Sul trattamento sanzionatorio, comunque ritenuto eccessivo, deve rilevarsi che il giudice d’appello, con motivazione congrua ed esaustiva, è giunto a una valutazioni di merito come tale insindacabile nel giudizio di legittimità, quando – come nel caso di specie – il metodo di valutazione delle prove sia conforme ai principi giurisprudenziali e l’argomentare scevro da vizi logici (Cass. pen. sez. un., 24 novembre 1999, Spina, 214794), rilevando in particolare la prognosi negativa sulla personalità dell’imputato e la proporzione della pena inflitta alla gravità del fatto commesso;

e rilevando in ogni caso l’estrema genericità del ricorso sul punto.
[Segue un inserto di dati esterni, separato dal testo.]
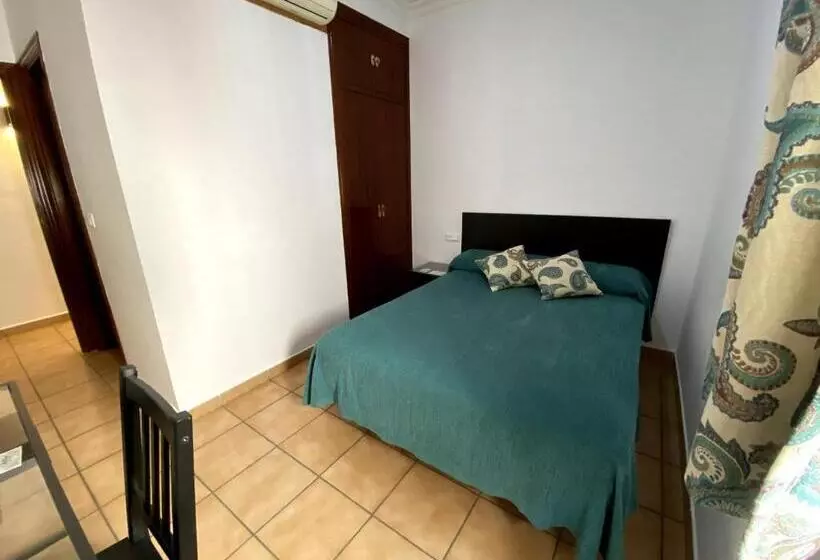 ペンション Hostal Mellizo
3. Poichè l’annullamento non involge la statuizione sulla responsabilità, in tali limiti la sentenza ha autorità di cosa giudicata ai sensi dell’art. art. 624 c.p.p., comma 1.

4. Ne consegue l’accoglimento del ricorso del Procuratore generale, e dunque l’annullamento della sentenza impugnata limitatamente alla omessa applicazione della multa con riferimento al reato di cui al capo A dell’imputazione (art. 648 c.p.), con rinvio alla Corte di appello di Salerno per la determinazione della suddetta multa; e la dichiarazione di inammissibilità del ricorso dell’imputato, che deve essere condannato al pagamento delle spese processuali e, in favore della Cassa delle ammende, di una somma che, considerati i profili di colpa emergenti dal ricorso, si determina equitativamente in Euro 1000.

P.Q.M.

In accoglimento del ricorso del Procuratore generale, annulla la sentenza impugnata limitatamente alla omessa applicazione della multa con riferimento al reato di cui al capo A dell’imputazione (art. 648 c.p.) e rinvia alla Corte di appello di Salerno per la determinazione della suddetta multa. Dichiara inammissibile il ricorso dell’imputato che condanna al pagamento delle spese processuali e della somma di Euro 1000 in favore della Cassa delle ammende. La sentenza ha autorità di cosa giudicata nelle parti non annullate.

Così deciso in Roma, il 11 ottobre 2013.